→ RECORDED DATA

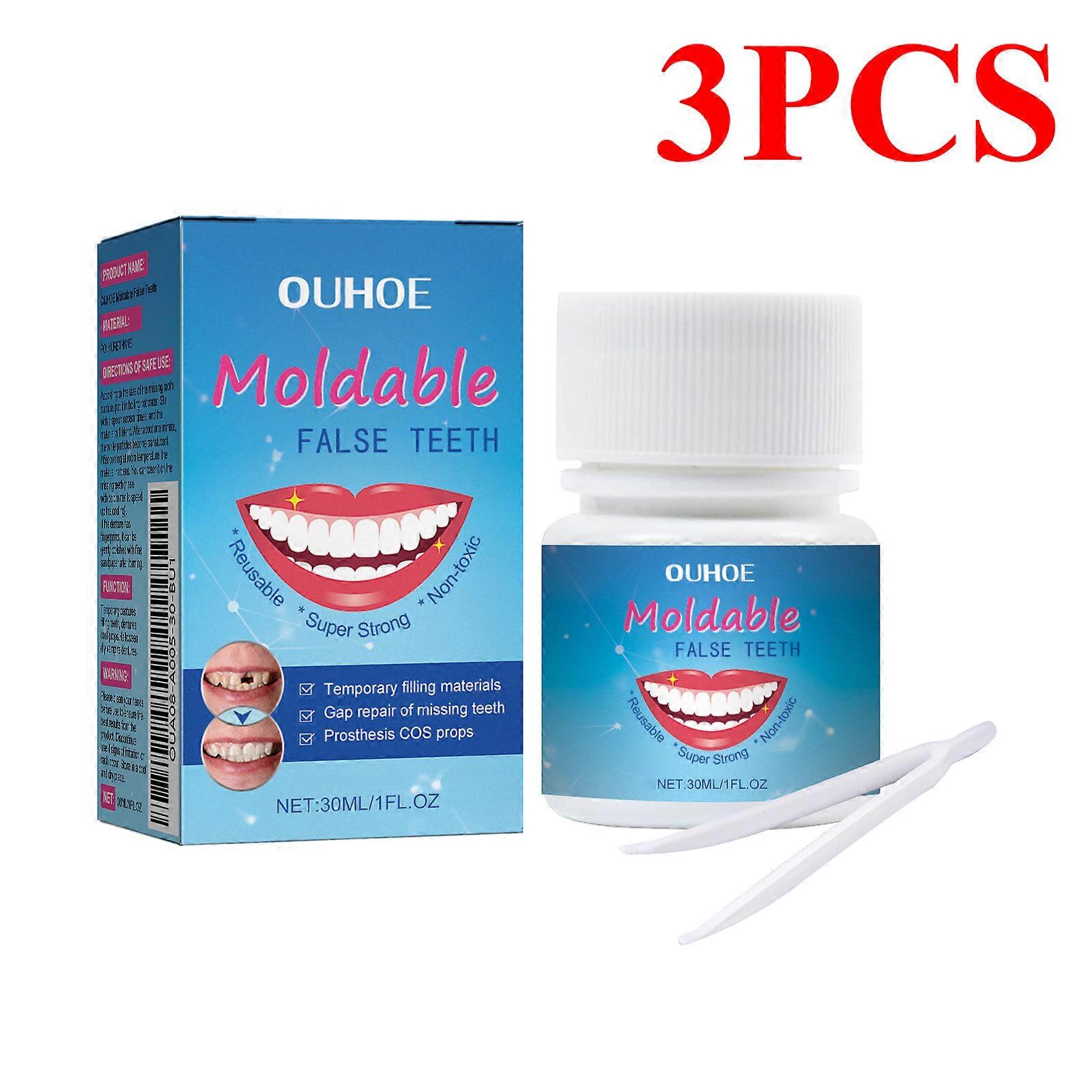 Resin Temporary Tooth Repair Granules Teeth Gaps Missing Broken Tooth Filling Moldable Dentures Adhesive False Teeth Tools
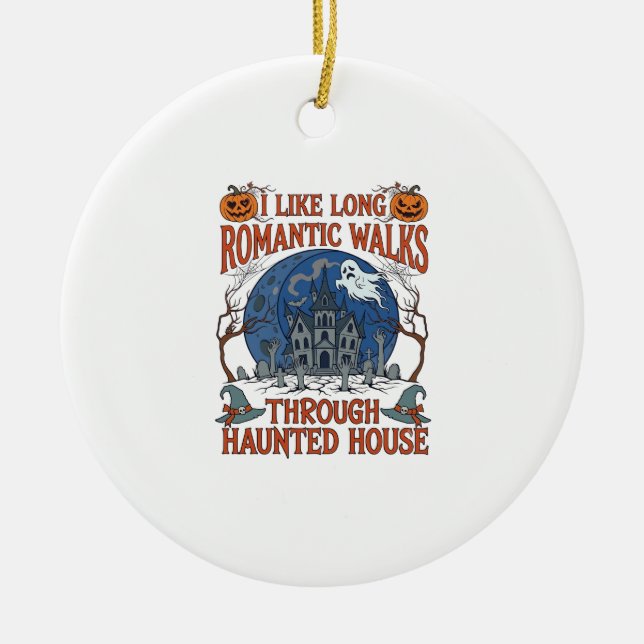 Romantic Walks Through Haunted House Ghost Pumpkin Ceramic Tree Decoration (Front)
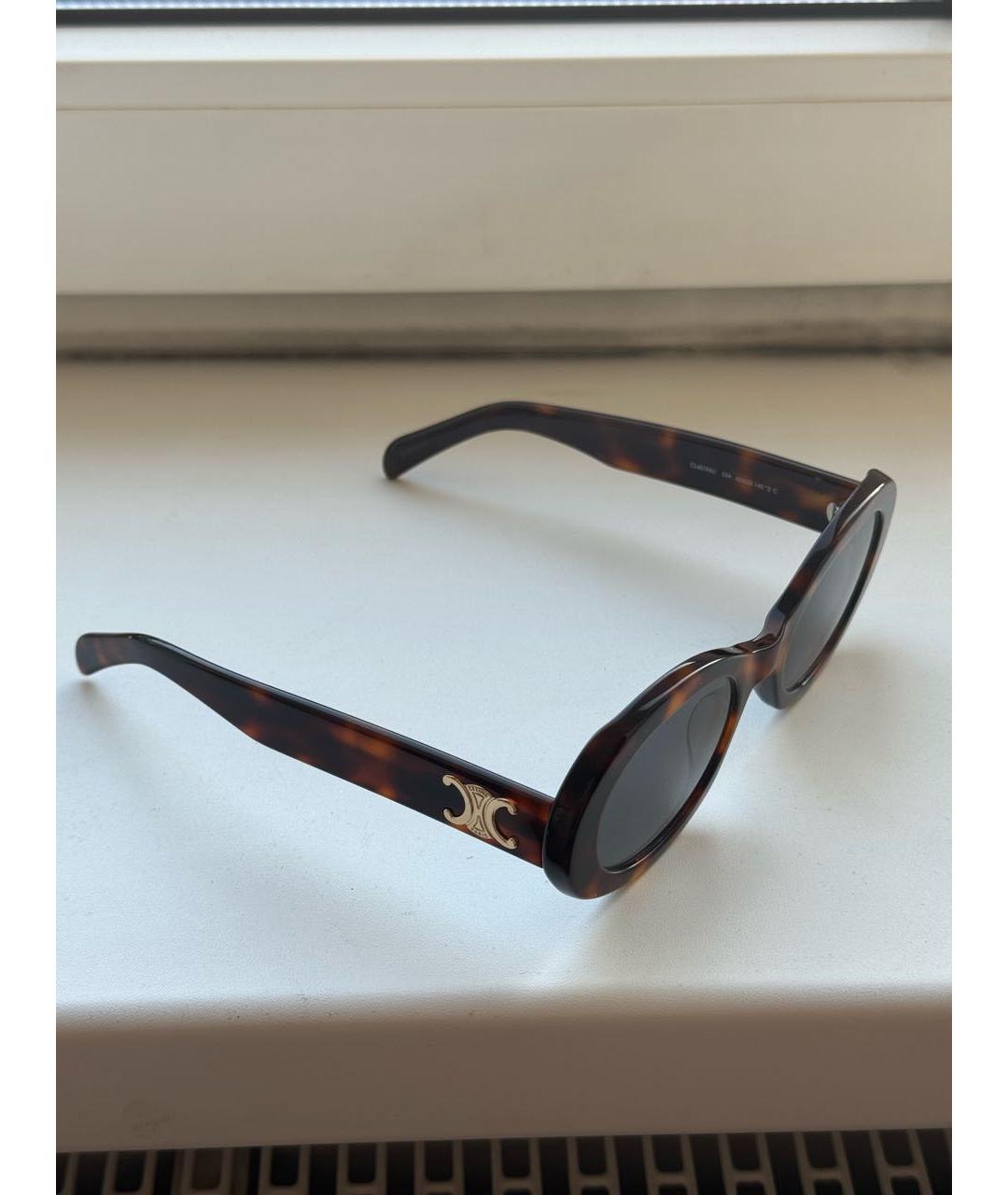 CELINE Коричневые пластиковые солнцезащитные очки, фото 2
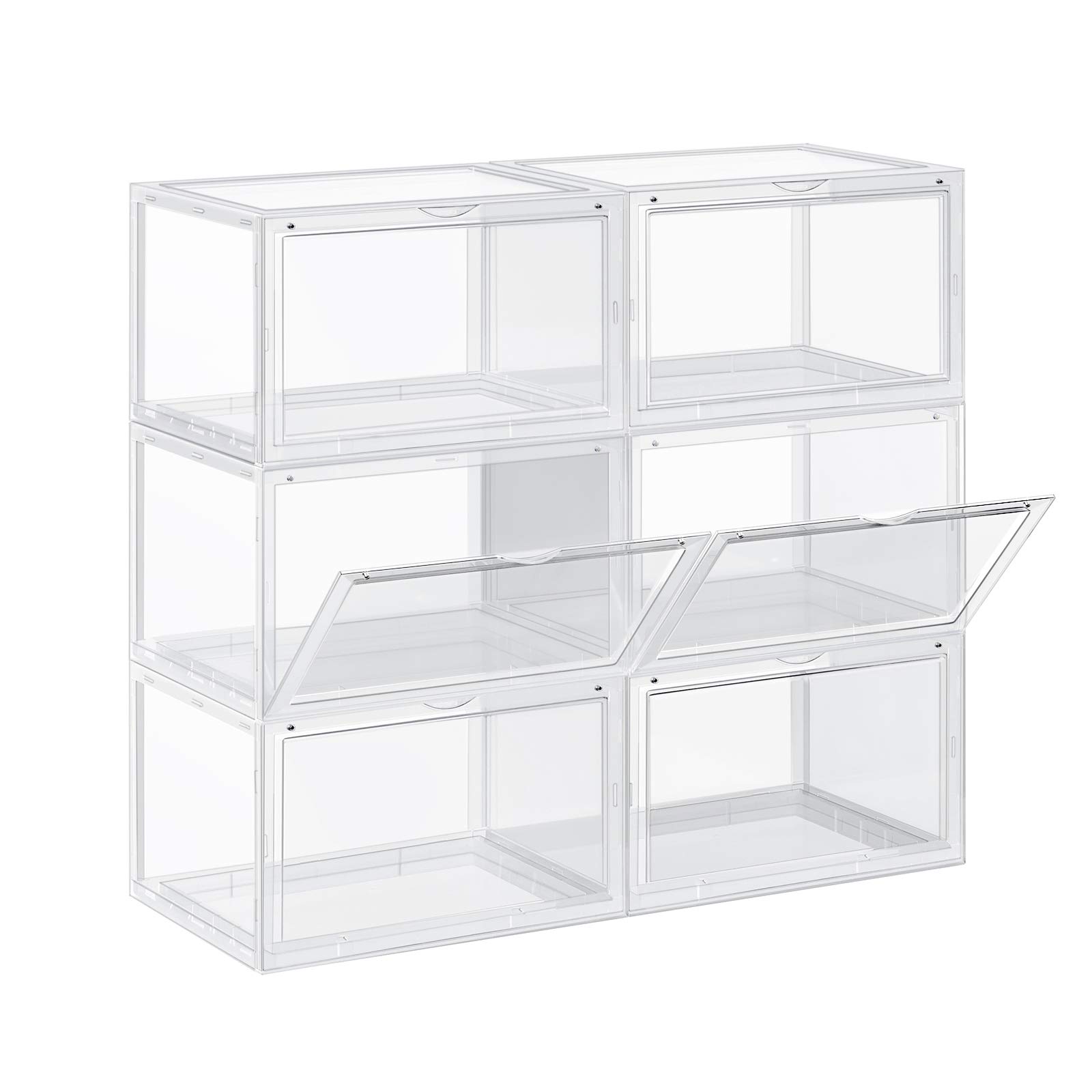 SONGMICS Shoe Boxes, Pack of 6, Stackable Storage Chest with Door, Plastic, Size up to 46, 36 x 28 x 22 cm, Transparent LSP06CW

→ WHAT IS NEEDED
Repeat the listing exactly, pictures excluded.

→ TASK SOLUTION
 Resin Temporary Tooth Repair Granules Teeth Gaps Missing Broken Tooth Filling Moldable Dentures Adhesive False Teeth Tools
 Romantic Walks Through Haunted House Ghost Pumpkin Ceramic Tree Decoration (Front)
 CELINE Коричневые пластиковые солнцезащитные очки, фото 2
 SONGMICS Shoe Boxes, Pack of 6, Stackable Storage Chest with Door, Plastic, Size up to 46, 36 x 28 x 22 cm, Transparent LSP06CW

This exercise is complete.